Такой он не ожидал увидеть свою хозяйку.
— Юра! Юрочка! — заговорила она придушенным голосом. — Прости меня, глупую бабу! Ради — она всхлипнула и продолжила: — Ради господа бога и всех святых! Поверь мне на слово: я и представить не могла, что именно на меня совершат покушение! Я следователю так и сказала.
— Да что вы, Лидия Максимовна! У меня к вам никаких претензий! Честное слово! — воскликнул потрясенный Тепляков. — Да встаньте же вы! Вот табуретка. Я сам виноват: все собирался вам сказать, как вы должны себя вести в подобных случаях. Вот и дособирался, на свою же голову. А вы как?
— Да что я? — отмахнулась она рукой, тяжело поднялась с колен и села на табуретку, вытирая глаза надушенным платочком. — Я и сейчас думаю, что они охотились на Михал Михалыча, а не на меня. У тебя-то следователь о чем спрашивал?

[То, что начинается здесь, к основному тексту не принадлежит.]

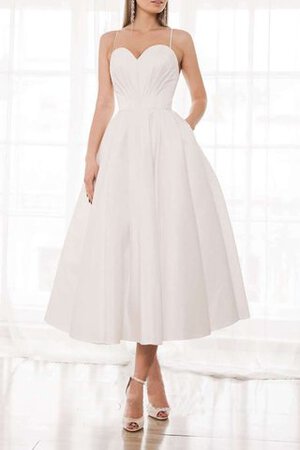 Robe de mariée en satin arrivée au mollet voyant naturel facile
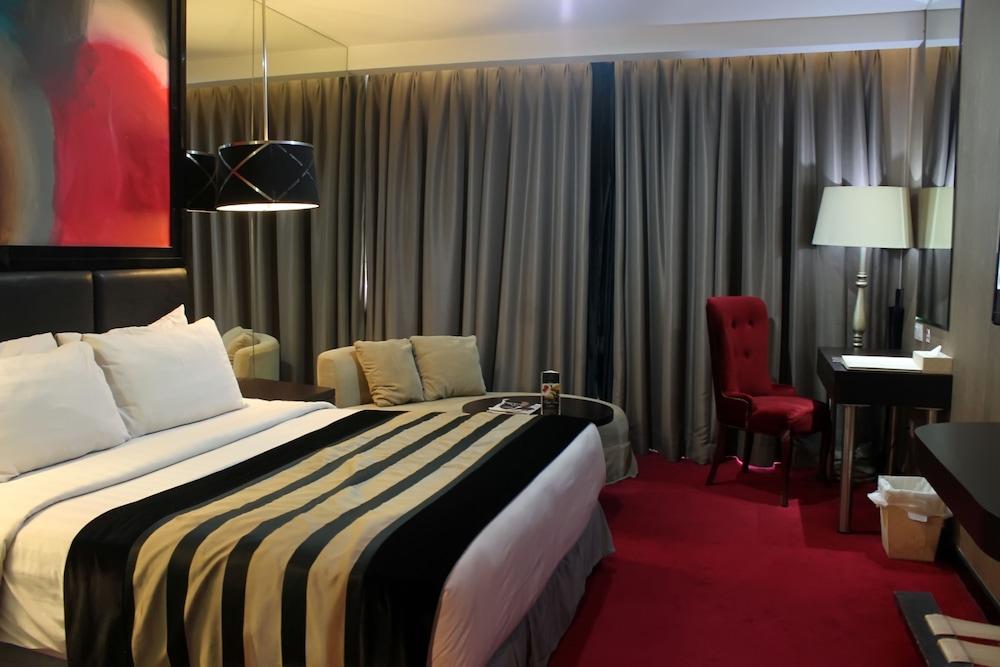 Amaroossa Cosmo Jakarta Buitenkant foto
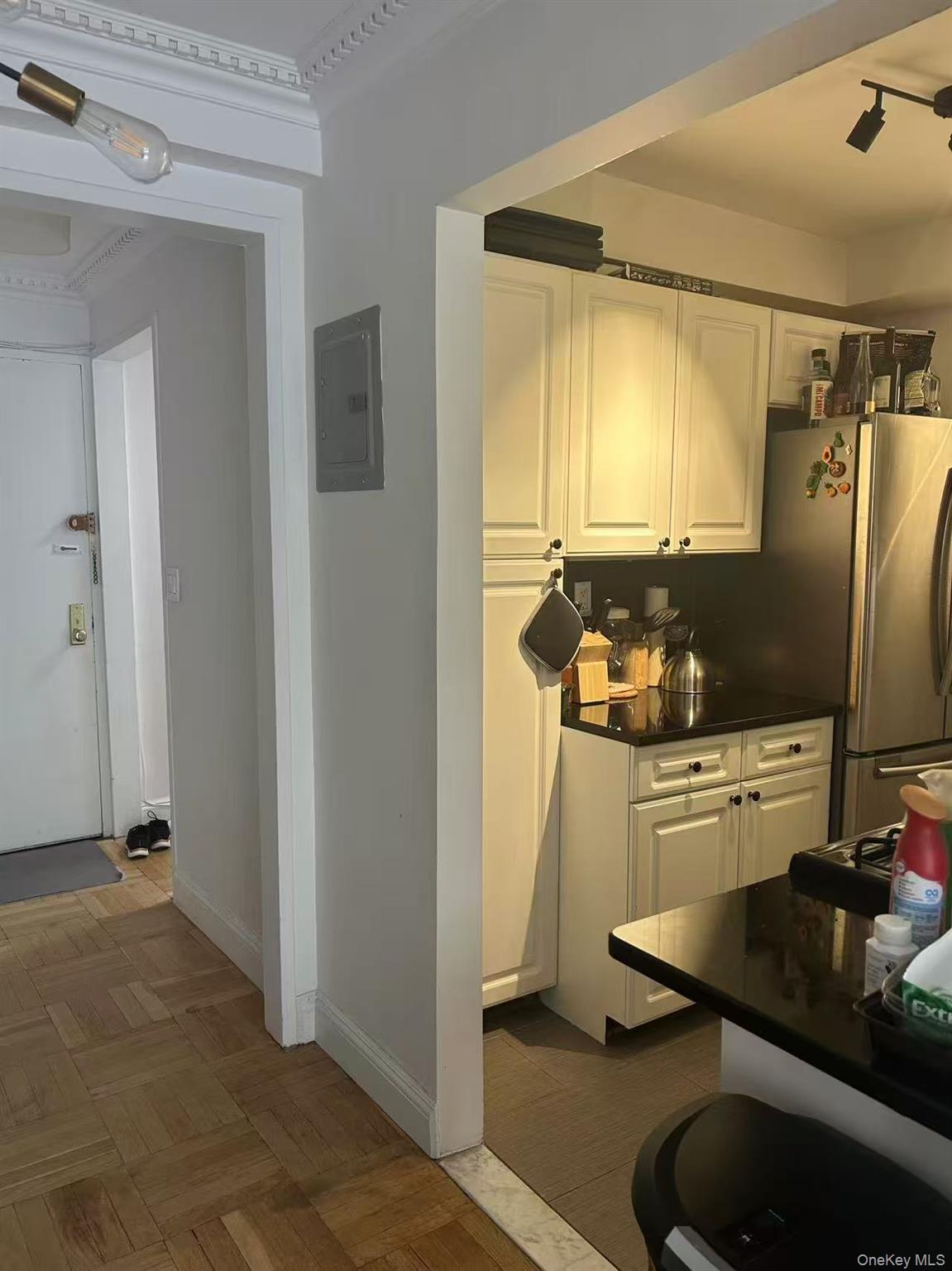 310 Lexington Avenue 5a Property Photo 6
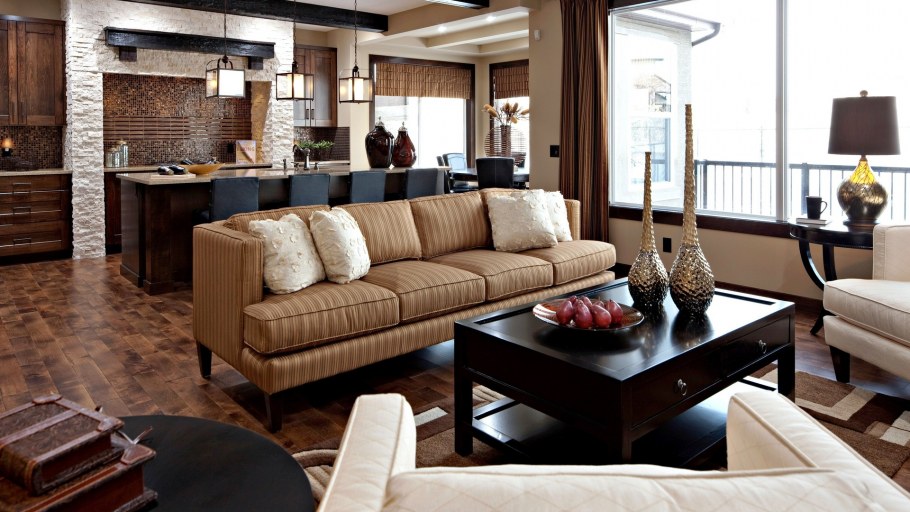 Диван посередине гостиной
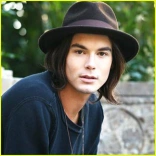 tyler_blackburn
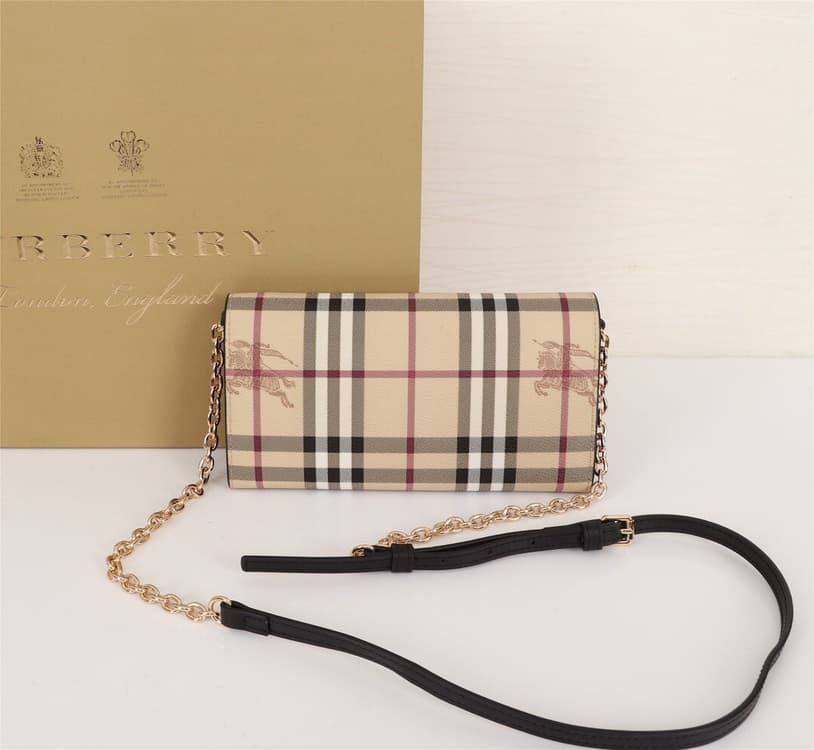 C60 🔥🔥B brand leather wallet with patches; comes with a chain-shaped leather shoulder strap. This product can be used as a small handbag on its own, or stored inside a regular handbag as a wallet. 👍 High-quality from the official store, finely crafted. 📷  — image 5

— Я рассказал ему, как все было, глядя со своей колокольни, разумеется. — Тепляков судорожно вздохнул и поморщился от боли. — А его больше всего интересовало, как смел я стрелять в сторону машины, когда неподалеку были люди? Я сказал ему, что без адвоката рта не раскрою.
— Тебе больно? — забеспокоилась Лидия Максимовна. — Позвать доктора?
— Не надо. Так, ничего особенного.
— Он и меня расспрашивал о стрельбе, — сообщила Лидия Максимовна. — А что я могла видеть? Только снег у себя под носом. — Она посмотрела на испачканный губной помадой и краской для ресниц платок, убрала его в сумку. — Адвоката тебе я уже наняла. Одного из лучших в городе. Он придет сегодня сюда во второй половине дня. Они забрали твой и мой мобильники, чтобы списать последние разговоры, — торопилась она сообщить Теплякову самое важное. — Я принесла тебе другой мобильник. Боже, у тебя кровь! — вскочила она и кинулась к двери.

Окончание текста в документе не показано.